Admito mi carencia de respuesta para algunas de las más importantes preguntas que muchas veces me formulo. Por ejemplo, ¿por qué escribo una columna diaria? ¿Por dinero? No lo creo. Lo que me pagan no me resuelve ningún problema. ¿Entonces, por qué lo hago? ¿Acaso en la búsqueda de fama o reconocimiento? Descartado. Detesto la primera y dudo que obtenga lo segundo por esa vía. ¿Por vanidad? Aún no sufro de ese mal. ¿Para probarme a mí mismo? No necesito hacerlo. Me basta con mi familia. ¿Para estar en el centro de la energía que mueve a esta sociedad? ¡Imposible! Daría cualquier cosa para estar lejos de ella.

Pero debe haber una razón, sin duda. Tal vez tan poderosa que sea incapaz de comprenderla. Pasa a menudo en un mundo atormentado, donde las personas viven angustiadas por el duro quehacer diario, asfixiadas muchas de ellas en obscena abundancia extrema a veces aniquiladora del espíritu, y otras, en número mayor, atrapadas en una terrible escasez desconsoladora.

Cuando comencé a escribir esta columna diaria en 1978 restándole tiempo a mis obligaciones como ejecutivo del periódico, me ilusionaba la idea de contribuir a la solución de problemas nacionales o por lo menos a despejar de brumas el camino por el cual transitan muchos lectores. Me costó tiempo y millones de palabras para convencerme de cuán tonta era esa idea. Me di cuenta años después que a lo sumo uno se gana algunas simpatías y, por supuesto, la animosidad de gente fanática incapaz de admitir opiniones distintas a las suyas.

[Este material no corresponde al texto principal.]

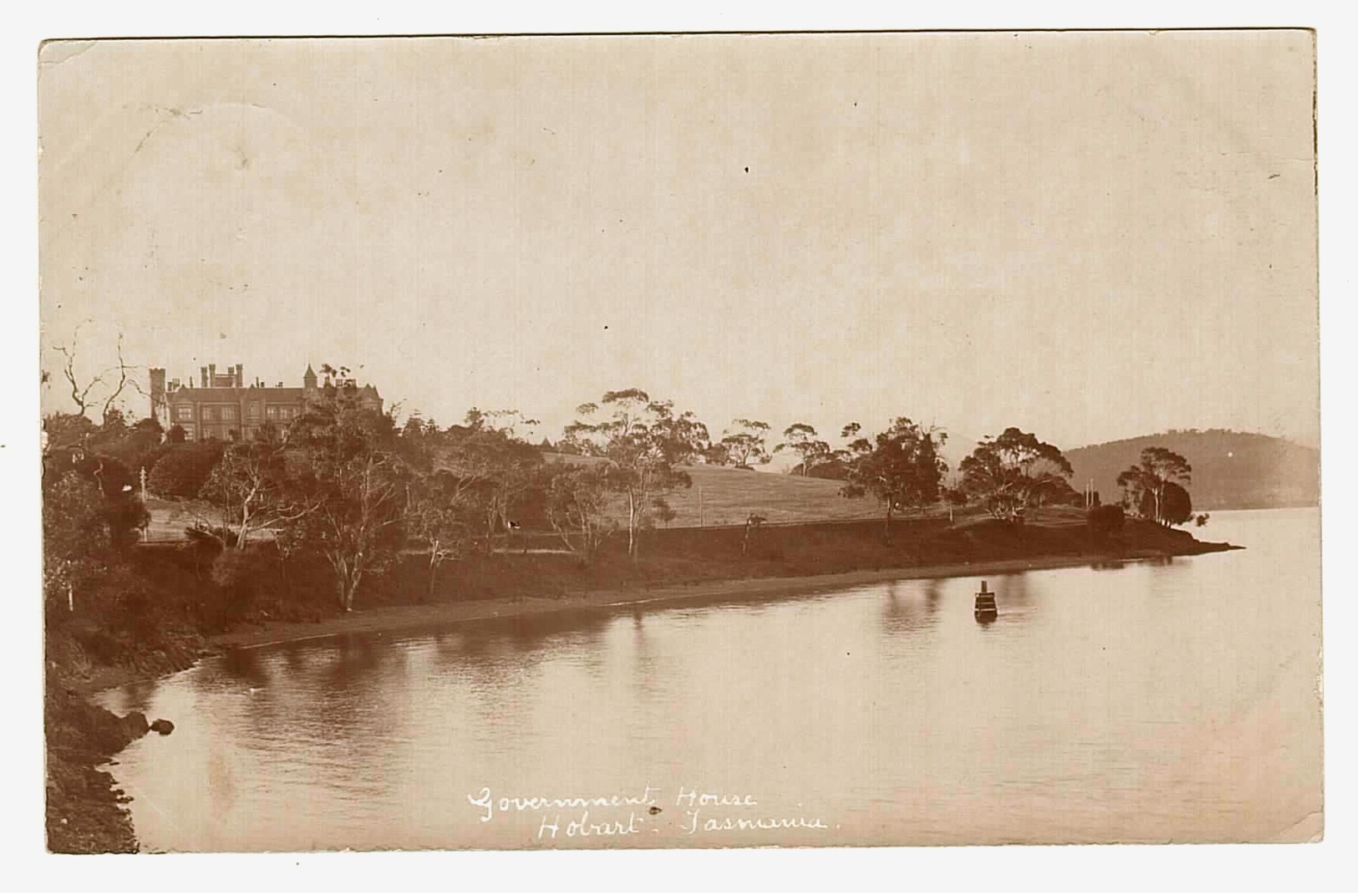 Australia, Tasmania (TAS), Hobart, Government House, The Title Has Been Hand-applied In White Ink, 1903, Photo Postcard - Hobart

¿Significa que escogí un oficio equivocado? Ni pensarlo, pues haría igual si tuviera otra oportunidad. ¿Entonces, a qué viene todo esto? ¿Por qué seguir insistiendo? Realmente no lo entiendo, aunque de pronto, sin proponérmelo, lleno el breve espacio reservado para otra entrega que tal vez muy pocos leerán.